Co się przykleiło do PiS i samego Hofmana, to ich. Dodatkowo "największa afera korupcyjna" została perfekcyjnie wyciszona - trudno o lepszą przysługę dla Donalda Tuska.
Kolejną operację służb mogliśmy zaobserwować w ostatnich dniach. Służba Kontrwywiadu Wojskowego wzięła się za Antoniego Macierewicza. Przeciekiem do "Wprost", który swoimi wypowiedziami podbili Donald Tusk, Radosław Sikorski, Janusz Palikot i Jacek Żakowski, udało się przez kilka dni powielić parokrotnie niepopartą ani jednym dowodem sugestię, że tłumaczono raport WSI na język rosyjski przed publikacją po polsku. Co z tego, że fakty temu przeczą i po paru dniach
sam szef SKW ppłk. Piotr Pytel temu zaprzecza?
Co się przykleiło do PiS i samego Macierewicza, to ich. Czy podpadł im zniszczeniem czerwonych WSI? Punktowaniem smoleńskich kłamstw? Jednym i drugim?

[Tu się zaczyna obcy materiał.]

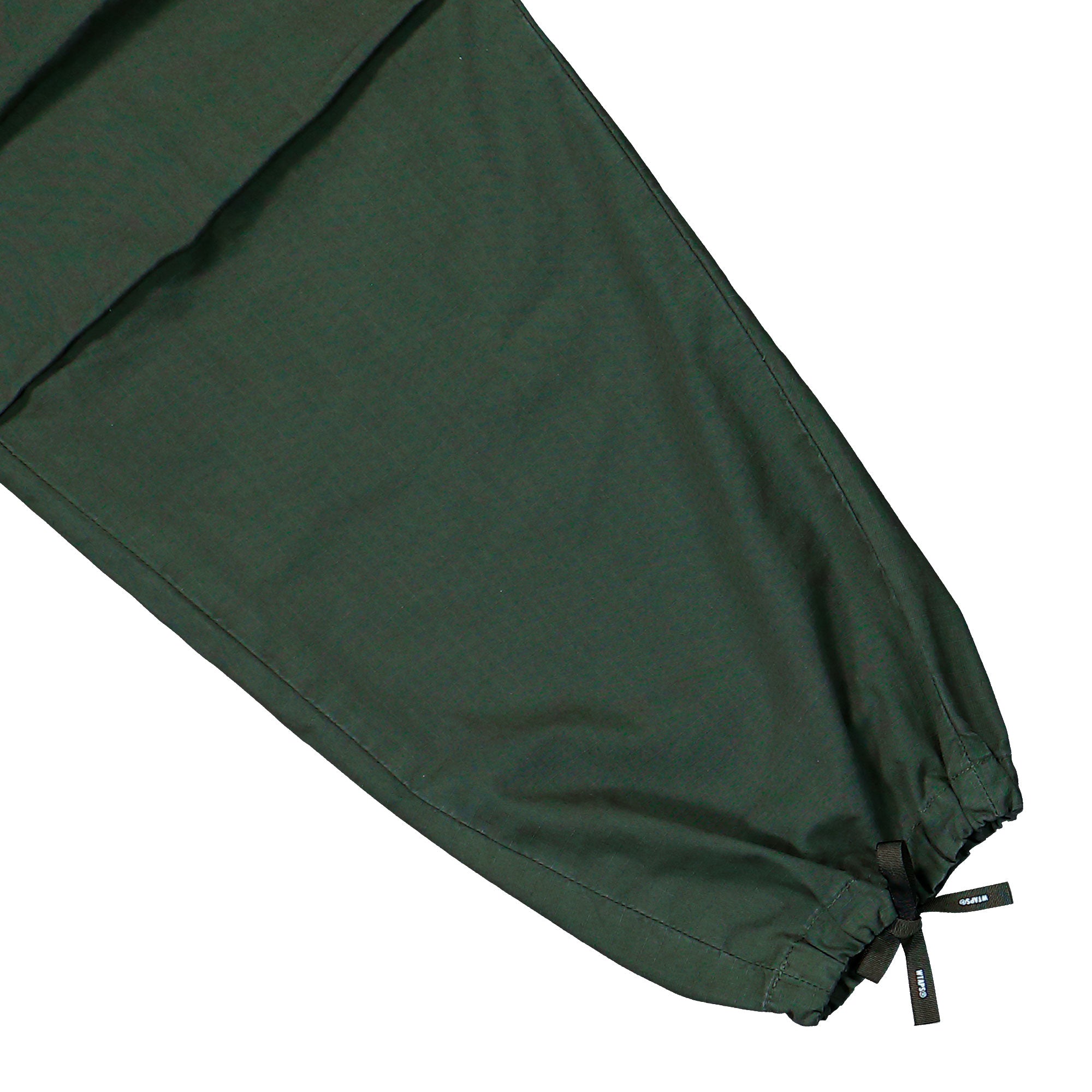 WTAPS Milt9601 / Trousers / Cotton. Ripstop Olive Drab Cargo Pants 252WVDT-PTM01 Detail View 4 | Overkill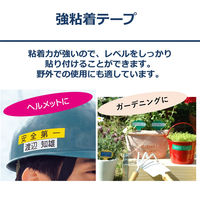 カシオ CASIO ネームランド テープ 強粘着 幅12mm 黄ラベル 黒文字 5.5m巻 XR-12GYW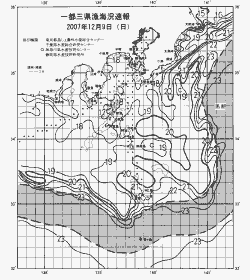 一都三県漁海況速報、関東・東海海況速報(2007/12/09)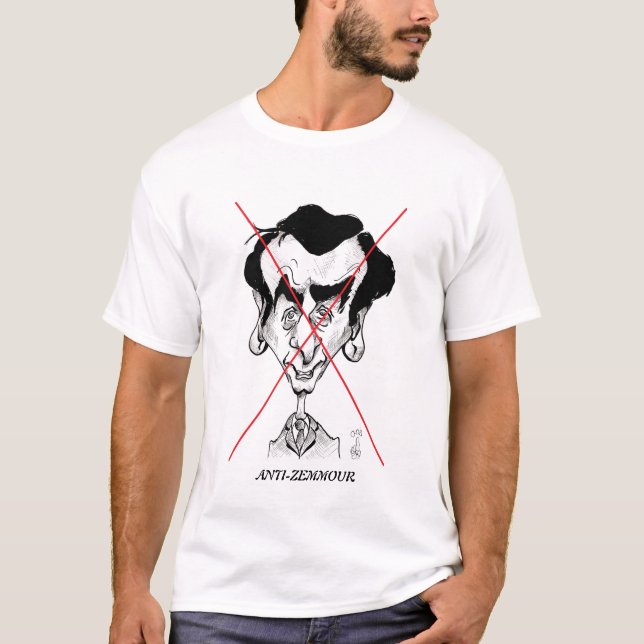 T-shirt Anti-Zemmour (Devant)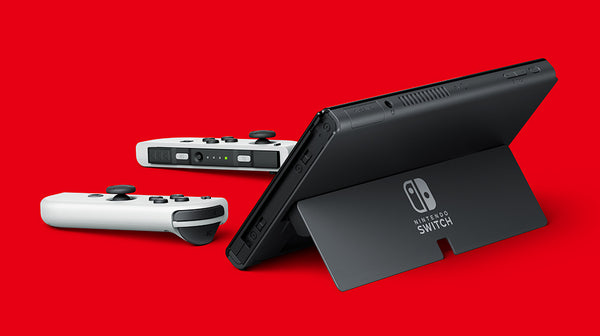Nintendo Switch (OLED Model) - Neon Red / Neon Blue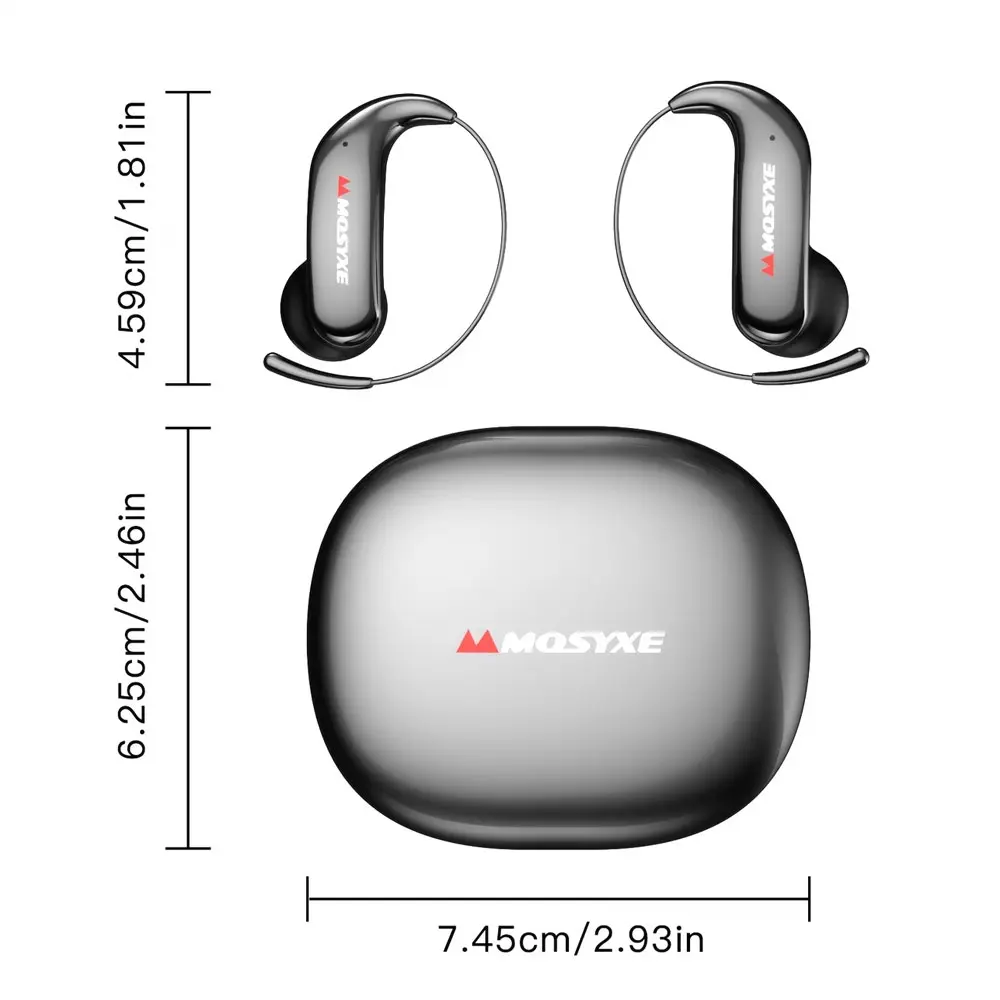 YQ20 Light Weight In-Ear Bluetooth Earbuds - Wireless Headphones with 6.1 Audio, Built-In Mic, Multi-Language Support, Noise Reduction, iOS & Android Compatibility, Ideal for Outdoor Activities & Travel, Back-to-School Season Music Accessory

Nie wiadomo.
Wiadomo tylko tyle, że minister obrony narodowej Tomasz Siemoniak, który jest przełożonym SKW, został w tym czasie awansowany w partyjnej hierarchii. Trzeba przyznać: zasłużył na nagrodę.
Nie łudźmy się. Im bliżej wyborów, im większy interes Donalda Tuska, by uderzyć w tych, którzy mogą odebrać mu władzę, tym
takich operacji służb specjalnych będzie więcej. W końcu - jak sam przyznał - ma "egoistyczny powód", by władzy raz uzyskanej nie utracić nigdy.